- [Exercise objective]:
Copy the data below exactly. Any pictures in it should be omitted.

- [Given material]:
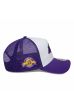 Czapka NEW ERA 9FORTY LA Lakers Patch white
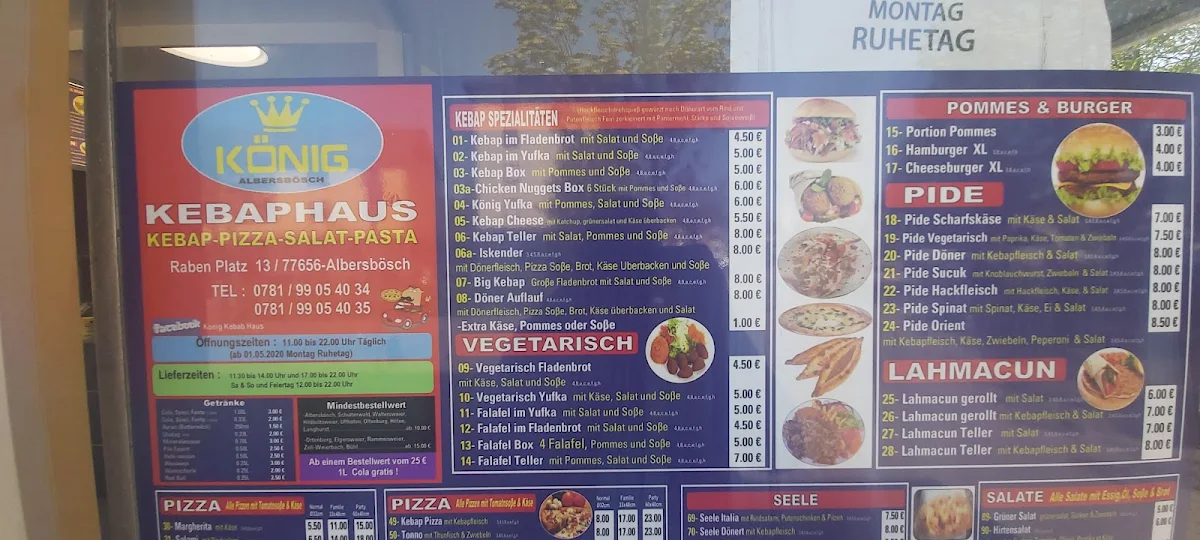 Speisekarte photo 6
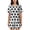 Soccer, variant on Naloa Soccer Women's Short-Sleeved Pajama Set, Loungewear, Summer pajamas, Breathable Cozy - Medium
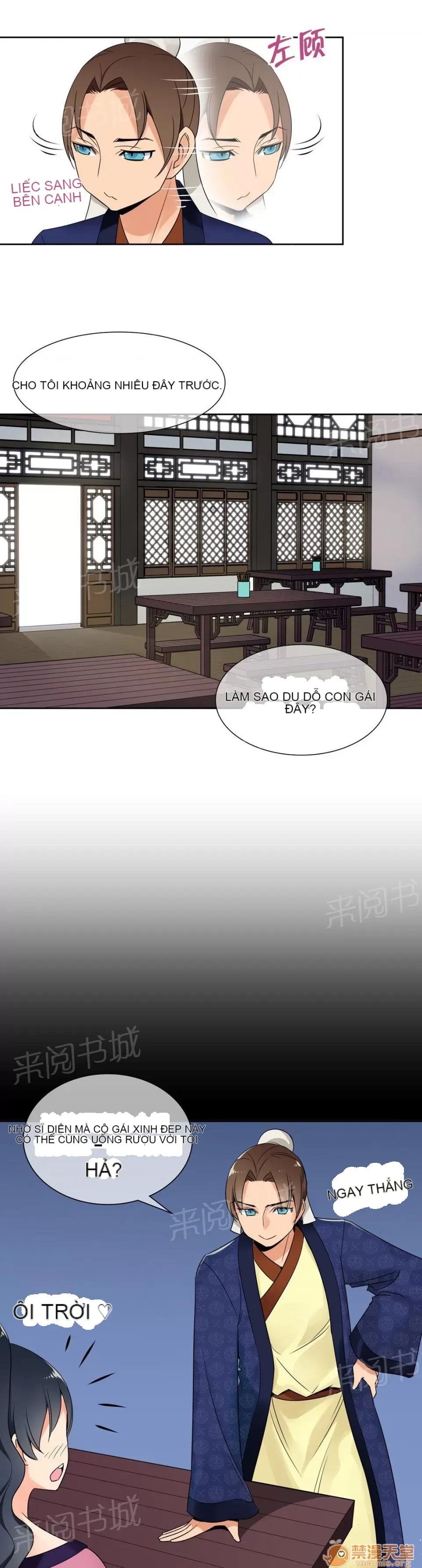 Ngai vàng của chủ sở hữu Chương 1-79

- [Reply]:
 Czapka NEW ERA 9FORTY LA Lakers Patch white
 Speisekarte photo 6
 Soccer, variant on Naloa Soccer Women's Short-Sleeved Pajama Set, Loungewear, Summer pajamas, Breathable Cozy - Medium
 Ngai vàng của chủ sở hữu Chương 1-79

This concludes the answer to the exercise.